▶ [The problem]: Repeat exactly what runs from the line containing "Should she just" through the last line of the material below. Do not copy the pictures.

── Data to examine

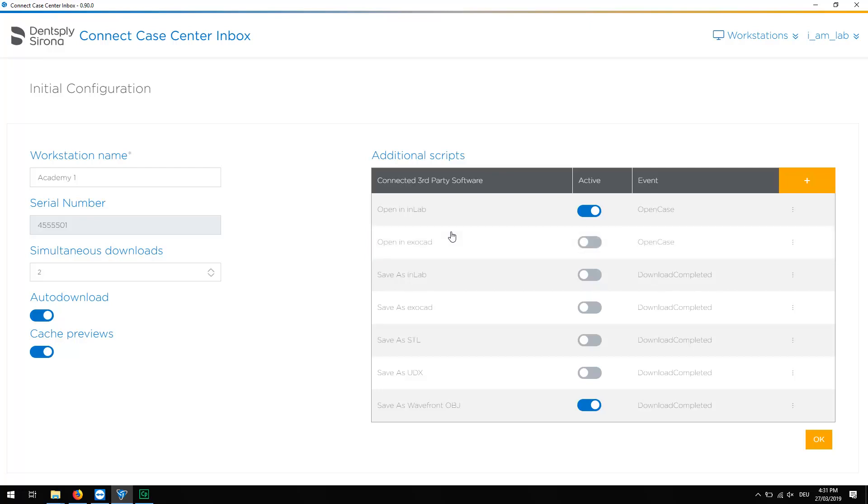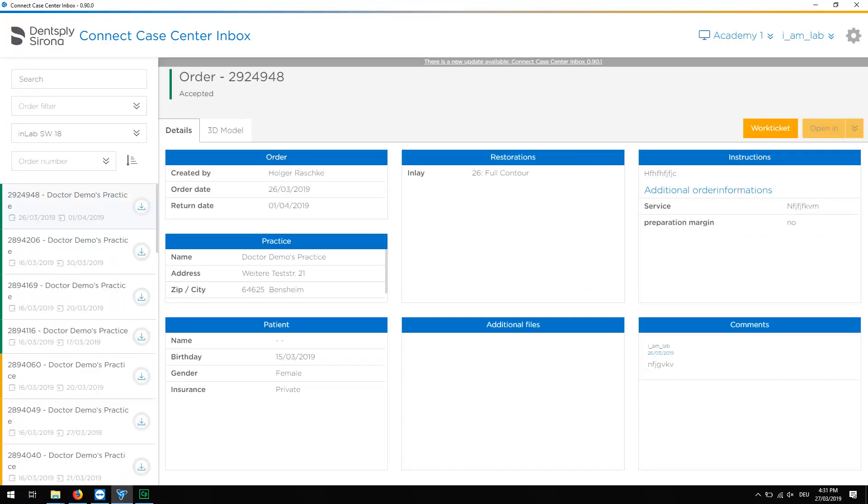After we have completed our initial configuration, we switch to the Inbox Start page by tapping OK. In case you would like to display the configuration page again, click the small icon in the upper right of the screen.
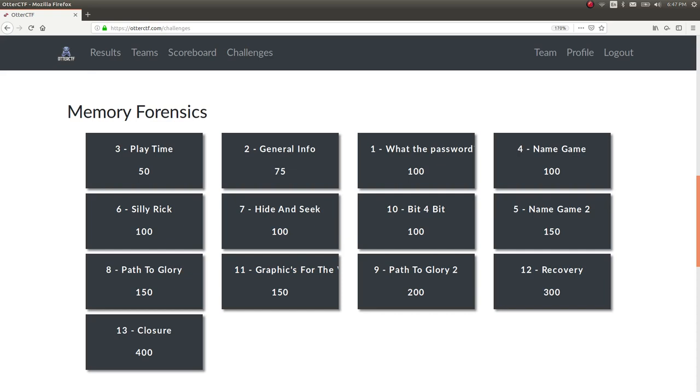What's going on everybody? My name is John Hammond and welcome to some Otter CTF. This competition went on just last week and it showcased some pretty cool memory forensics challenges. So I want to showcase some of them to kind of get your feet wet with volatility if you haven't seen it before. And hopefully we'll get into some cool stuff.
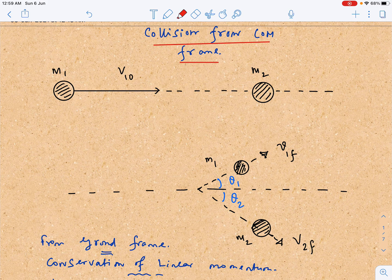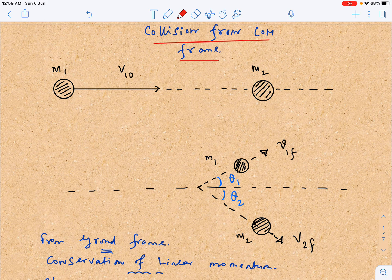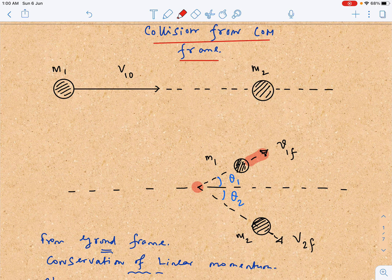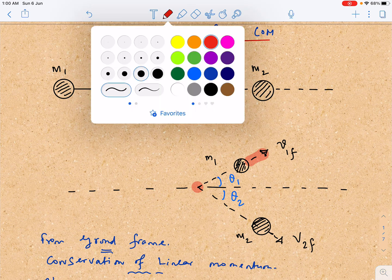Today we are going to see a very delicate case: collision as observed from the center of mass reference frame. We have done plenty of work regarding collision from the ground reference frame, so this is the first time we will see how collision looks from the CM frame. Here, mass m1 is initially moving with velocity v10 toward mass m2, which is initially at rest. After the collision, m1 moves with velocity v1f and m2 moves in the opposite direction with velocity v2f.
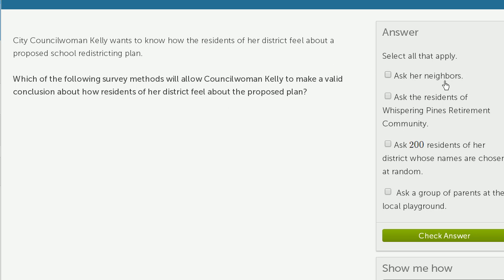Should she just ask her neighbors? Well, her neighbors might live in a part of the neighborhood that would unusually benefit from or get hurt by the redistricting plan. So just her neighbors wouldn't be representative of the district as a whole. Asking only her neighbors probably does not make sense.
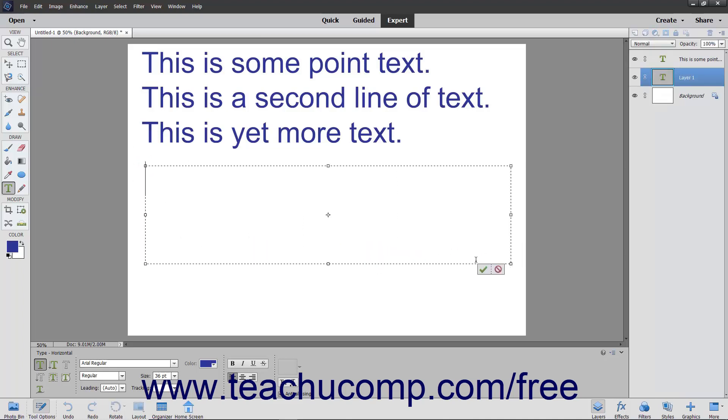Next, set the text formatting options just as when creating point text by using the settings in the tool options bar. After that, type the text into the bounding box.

────

▶ [Worked solution]:
Should she just ask her neighbors? Well, her neighbors might live in a part of the neighborhood that would unusually benefit from or get hurt by the redistricting plan. So just her neighbors wouldn't be representative of the district as a whole. Asking only her neighbors probably does not make sense.
Next, set the text formatting options just as when creating point text by using the settings in the tool options bar. After that, type the text into the bounding box.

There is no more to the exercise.